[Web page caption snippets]

== Segment start ==

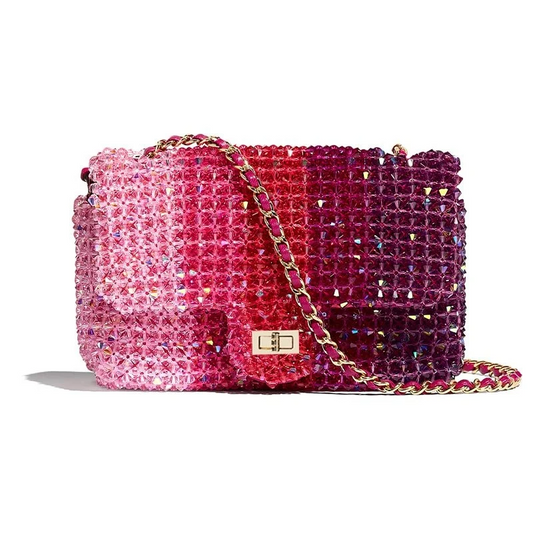 SHG155 Crossbody Bead Bag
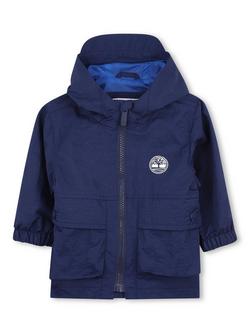 Timberland Baby Water-Repellent Windbreaker Jacket, Medieval Blue, Medieval Blue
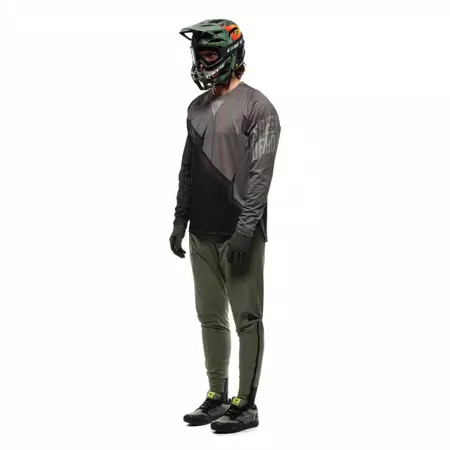 HG AER JERSEY LS - MEN'S LONG SLEEVE BIKE T-SHIRT - BLACK/GREY - 3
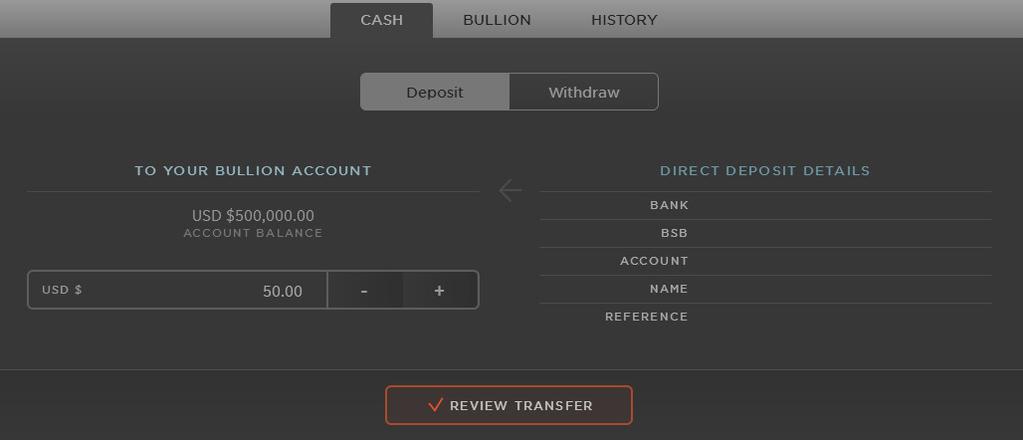 Credit Your Account - Cash To start trading on MetalDesk, you need to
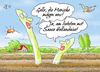 Cartoon: Spargelzeit (small) by Henrich tagged spargel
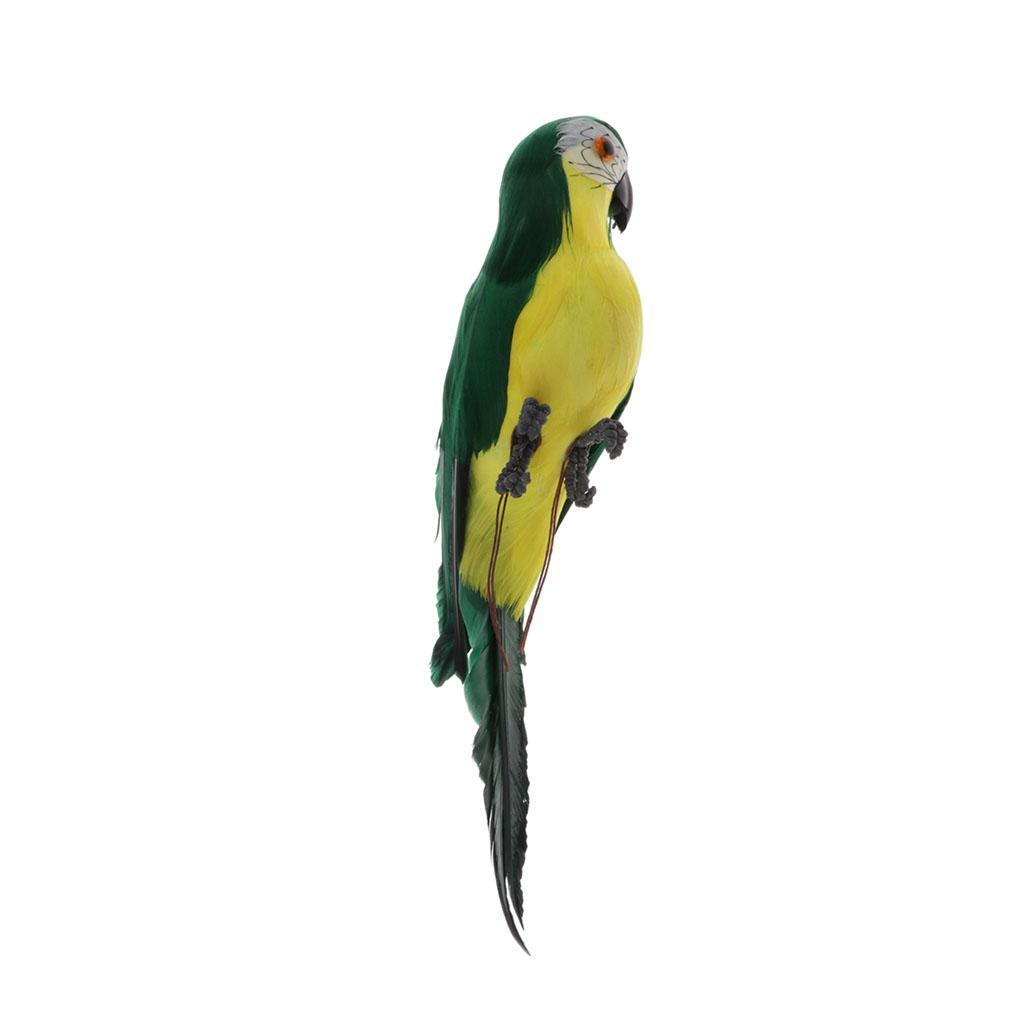 Parrot Artificial Bird Figurine Realistic Home Garden Decoration Ornaments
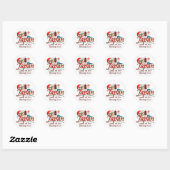STICKER ROND LE JAPON (Feuille)
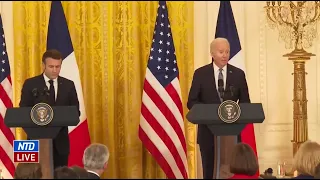 LIVE: Biden, Macron Hold a Joint News Conference at White House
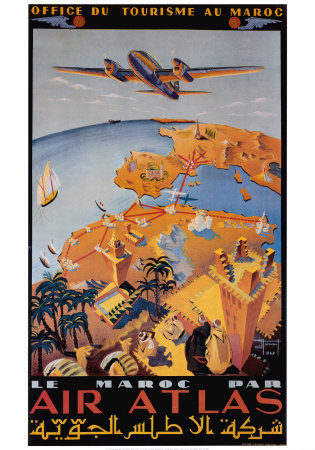 Le Maroc Par Air Atlas Print Le Maroc Par Air Atlas Print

== Segment end ==

▶ [Activity]: Copy the records above exactly. The pictures are not part of the copy.

▶ [Result of this exercise]:
 SHG155 Crossbody Bead Bag
 Timberland Baby Water-Repellent Windbreaker Jacket, Medieval Blue, Medieval Blue
 HG AER JERSEY LS - MEN'S LONG SLEEVE BIKE T-SHIRT - BLACK/GREY - 3
 Credit Your Account - Cash To start trading on MetalDesk, you need to
 Cartoon: Spargelzeit (small) by Henrich tagged spargel
 Parrot Artificial Bird Figurine Realistic Home Garden Decoration Ornaments
STICKER ROND LE JAPON (Feuille)
 LIVE: Biden, Macron Hold a Joint News Conference at White House
 Le Maroc Par Air Atlas Print Le Maroc Par Air Atlas Print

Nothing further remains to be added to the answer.